Exercise objective »
Pictures aside, reproduce exactly and only the lines below, starting at the one containing "Свадебная фотосессия Радика" and ending at the last line.

Dataset content »
■ ■ ■ ■ ■ ■ ■

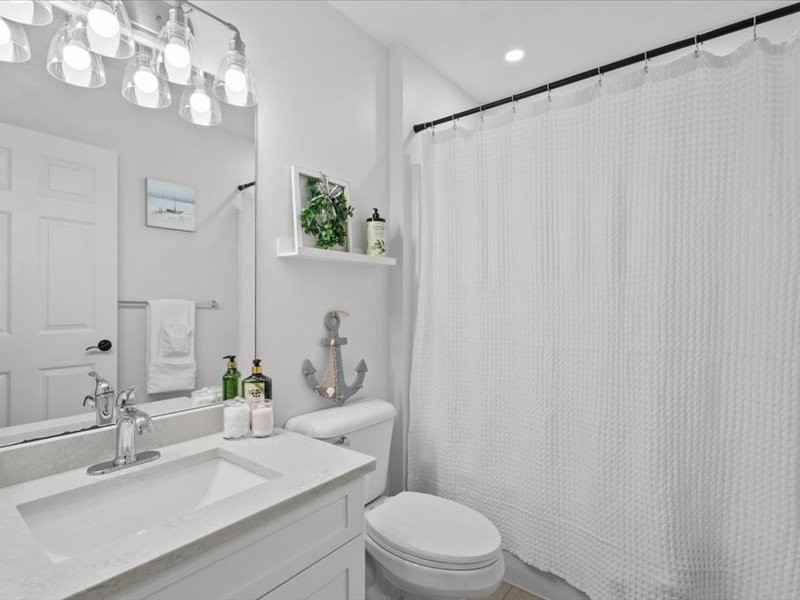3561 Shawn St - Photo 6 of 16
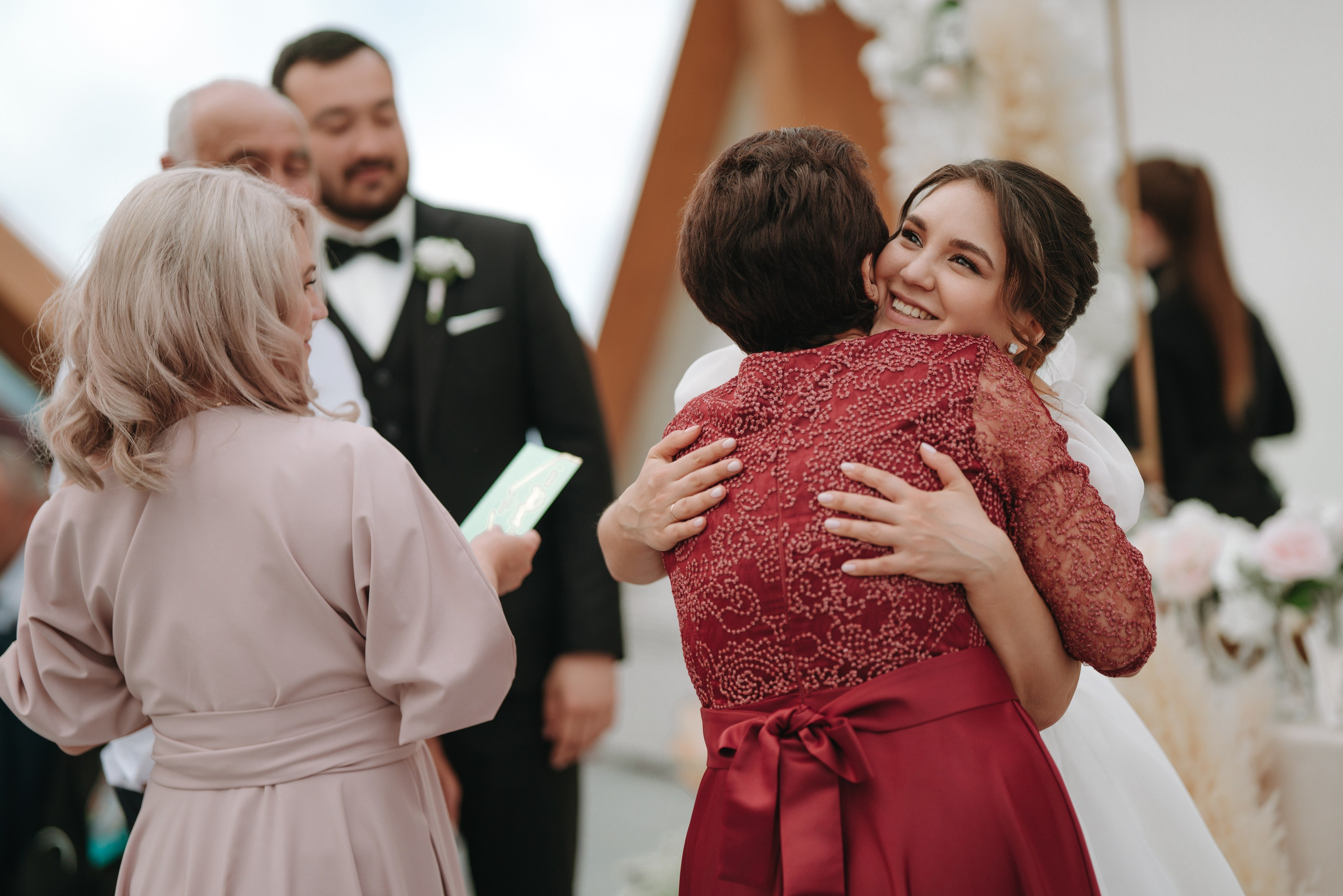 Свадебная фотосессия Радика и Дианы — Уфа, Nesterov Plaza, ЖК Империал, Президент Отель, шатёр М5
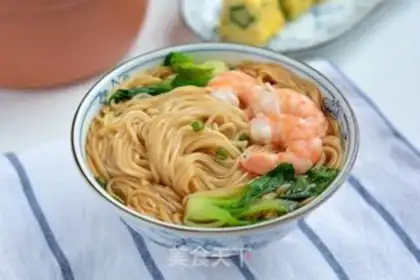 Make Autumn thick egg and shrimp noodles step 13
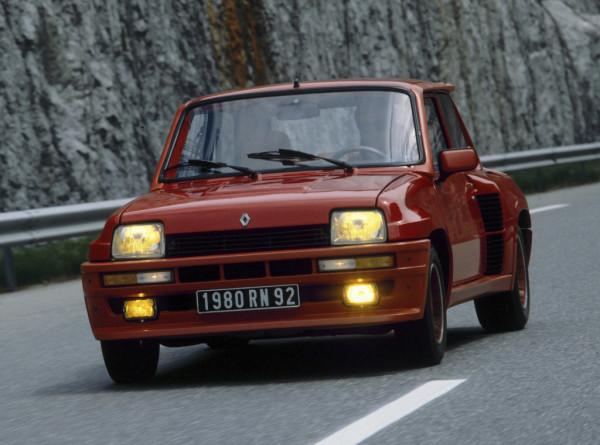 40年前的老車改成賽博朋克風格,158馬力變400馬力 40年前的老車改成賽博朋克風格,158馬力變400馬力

■ ■ ■ ■ ■ ■ ■

Answer box »
 Свадебная фотосессия Радика и Дианы — Уфа, Nesterov Plaza, ЖК Империал, Президент Отель, шатёр М5
 Make Autumn thick egg and shrimp noodles step 13
 40年前的老車改成賽博朋克風格,158馬力變400馬力 40年前的老車改成賽博朋克風格,158馬力變400馬力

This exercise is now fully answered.